Ooops! That's not what she expected -- and definitely NOT what she wanted!
Not Just Any Kind Of Contact
You can work so hard on how long to wait before contacting your ex or how many times a week to text him/her... and many of you have tried. But when you do make contact... no response. And even when they do respond, it's like you are bothering them or something...
The problem is not that you are contacting your ex... the problem is that you are not communicating in a way that creates a desire in your ex not just to respond but to start seeing things in a different light.
Contact to just contact is like someone who
shows up to work exactly when they are
supposed to but does absolutely no work.
He/she just sits there waiting for the day
to end so that he/she shows up again
tomorrow - on time.
BALANCED and EFFECTIVE Communication
Yes, it can be difficult, even painful staying in contact with your ex, but it pays off BIG TIME, done the RIGHT WAY!
It is precisely for this
reason that I've woven
together this piece of
solid-gold advice into
just about every stage
of getting back together
with your ex... This ground-breaking guide explains everything in practical steps. It outlines every critical step in the process of getting your ex to open his or heart to you again. It shows how you how to maintain contact with your ex in an impact-full way -- what to say and how to act in ways that demonstrate to your ex that you're a better person and a better partner, and as a result they can expect a better relationship.

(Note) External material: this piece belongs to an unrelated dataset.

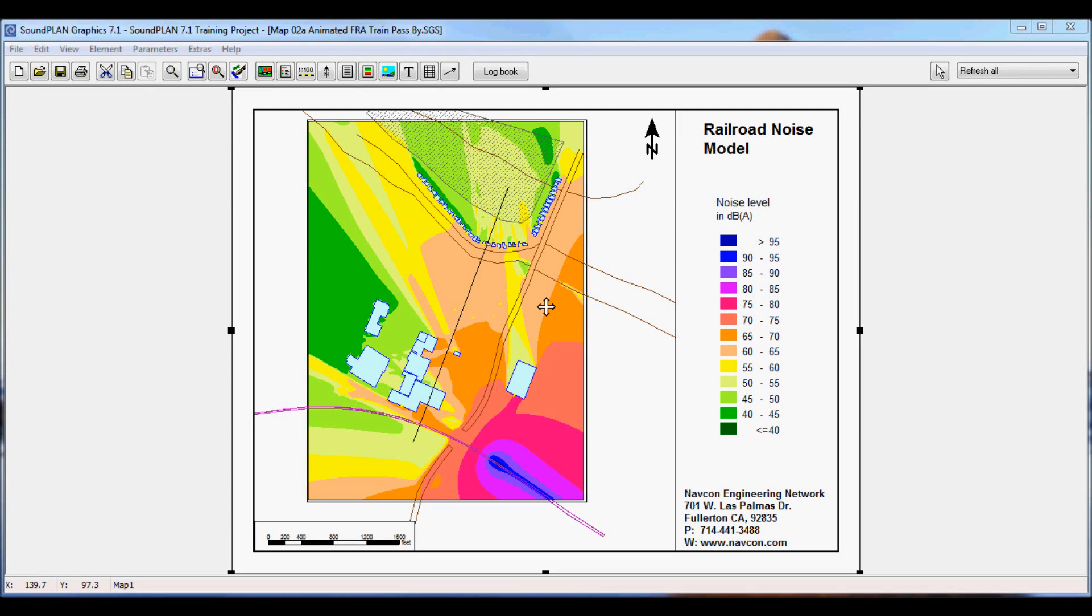Hi there, this is Hans Faustner with Navcon Engineering. A short introduction in the 3D animation of train passbys.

Before I go any further, I want
you to read some of the things people are saying
about the effectiveness of Dating Your Ex approach
to getting your ex back...
My ex and I have
been doing the on
and off thing for
about two years and
2 months. We split
and got back back
together 3 times. A
year and a half ago,
we broke up again
and I guess we both
had had enough and
decided that it was
never going to work
out.
My boyfriend and I communicated
only briefly just after he broke
it off with me. I was in
so much pain that I completely
cut off contact because that's
what I read in other "get your
ex back" books. And although I
should have known better than to
go down that road, I was so
desperate to do anything to get
him back. That didn't do
it, so I thought distance will,
and moved to another state. But
after reading your e-Book, I
realized that keeping my
distance, pretending that I had
moved on and not telling him
where I was and how I felt was
the wrong thing to do. I had
given him plenty of reason to
fall out of love with me and
here I was doing exactly the
things that made us break-up.
I have since moved back to
California and our relationship
has returned to exactly how it
was when we first began dating
-- even better.
Jenn C. -
Huntington
Beach, California, United States
trying to mend or fix a broken relationship
The reason many never get their ex back is because they try to mend of fix a broken relationship. It's called a "break-up" for a reason. Relationships are by nature fragile... those with a relatively shorter period are even more fragile because there was not much to hold it together. Trying to mend of fix a broken relationship is doing the almost impossible.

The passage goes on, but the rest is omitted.